This caveat aside, it would be ungenerous to take Kennedy's book to task for being exactly what it promises to be: a denser and more compact version of several volumes important to any student of rhetoric. And a student reader, as Kennedy himself points out, is precisely the projected audience for his book. To this end, Kennedy has removed most of the original scholarly notes and other material that would appeal to the specialist and often provides a brief description of social and political features of ancient society that a student reader might not be familiar with. The rapid pace of the discussion, and its broad coverage, renders the book almost encyclopedic: a reference work that will answer basic questions and offer sketches of crucial rhetorical texts, all without necessitating the purchase of three separate volumes. This single book comprises some thirteen chapters that span the range from "Persuasion in Greek Literature before 400 B.C." (chapter two) and "Greek Rhetorical Theory from Corax to Aristotle" (chapter three) through the Attic orators, Hellenistic rhetoric, early Roman rhetoric, Cicero, the Augustan and Silver ages, Greek rhetorical treatises under the Empire, and the Second Sophistic, to "Christianity and Classical Rhetoric" (chapter twelve) and "The Survival of Classical Rhetoric from Late Antiquity to the Middle Ages" (chapter thirteen).

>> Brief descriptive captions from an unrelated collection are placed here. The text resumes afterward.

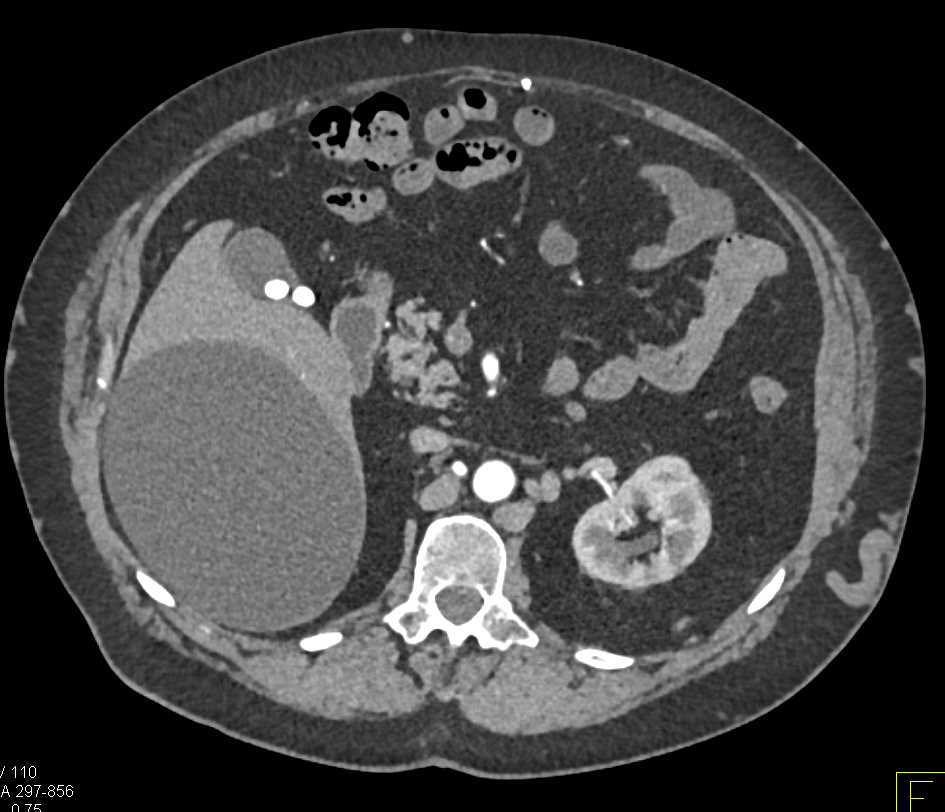 Collateral Vessels in the Abdominal Wall - CTisus CT Scan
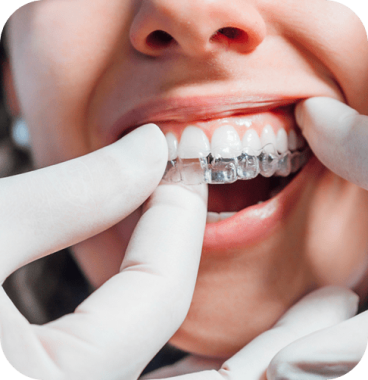 Aparelho invisível Invisalign - Clínica Odontológica Brandes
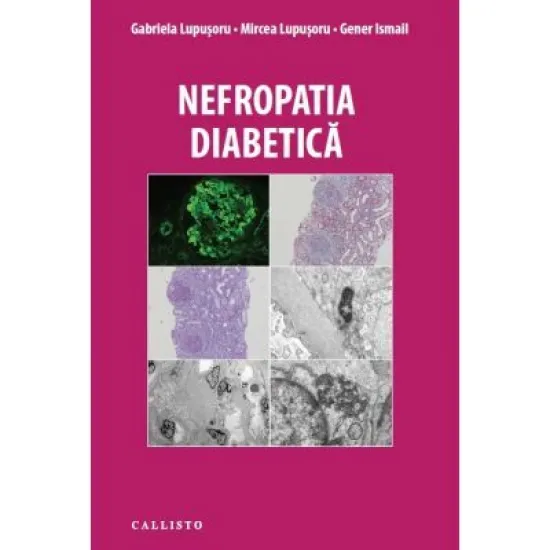Nefropatia Diabetica - Gabriela Lupusoru, Mircea Lupusoru, Gener Ismail Nefropatia Diabetica - Gabriela Lupusoru, Mircea Lupusoru, Gener Ismail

Such a format necessarily has both advantages and disadvantages. Among the former I have already mentioned the broad range of the authors Kennedy has covered and the clear chronology of the volume's material. I should note that for the more obscure of the figures Kennedy deals with, this treatment sometimes has a markedly biographical orientation, which, again, will be most useful for readers unfamiliar with the rhetorical tradition. As for the disadvantages of such an approach, it is hard to see how they could have been avoided in a project of this nature. Perhaps what suffers the most is a sense of the complexity of the texts with which Kennedy deals: for example, Thucydides's Mytilenean Debate and Melian Dialogue get a paragraph each; Gorgias's "Encomium of Helen" fits into a paragraph and a half; Seneca the younger is forced to squeeze his epistolary bulk into two paragraphs. Anyone familiar with the intricacy of these texts and the issues they raise within the context of the authors' work and times will feel this compression a loss indeed, but such, to be sure, are not Kennedy's projected readers.